It turns out that the fix in A fix to Jsub-mu rule is not enough. Let’s consider some examples in this post:
Expected Properties:
- For a valid split of the right type, it should be a subtype (not necessarily equivalent) of the original type
- Among all the splits of the right type, we should be able to find a split such that its merge is equivalent to the original type (otherwise reflexivity is not satisfied)
Design Space
- negative types should still be split, as the component may be compared with
Top -> ...on the LHS (the subtype then merge pattern) - When negative variables are concerned, we should retain the original type, otherwise we may lose the original type
- todo question, what negative variables? the top variable or the variable of each layer? or we need to iterate both as they are both valid?

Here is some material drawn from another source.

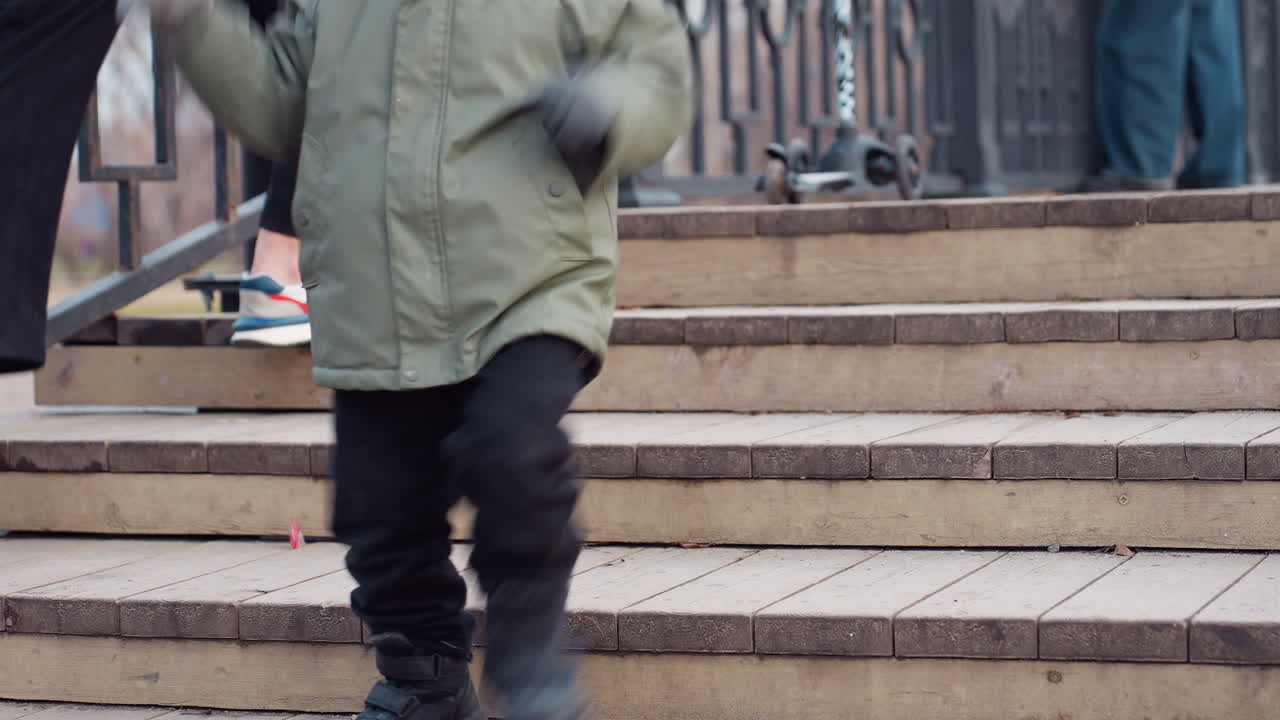 Child in winter coat runs down wooden park bridge stairs while woman bends to tie sneaker, scooter rests on upper step and other people stand nearby in calm outdoor setting with autumn background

- when should the negative variable check be done?
Example 1
mu a. Int -> (mu b. (a -> Int) & (a -> Bool) & a )
Here are some valid splits of the type:
mu a. Int -> (mu b. (a -> Int))
mu a. Int -> (mu b. (a -> Bool))
mu a. Int -> (mu b. a)
mu a. Int -> (mu b. (a -> Int))
mu a. Int -> (mu b. (a -> Bool) & a)
mu a. Int -> (mu b. (a -> Int) & a)
mu a. Int -> (mu b. (a -> Bool))
mu a. Int -> (mu b. (a -> Int) & (a -> Bool))
mu a. Int -> (mu b. a)
mu a. Int -> (mu b. (a -> Int) & (a -> Bool) & a )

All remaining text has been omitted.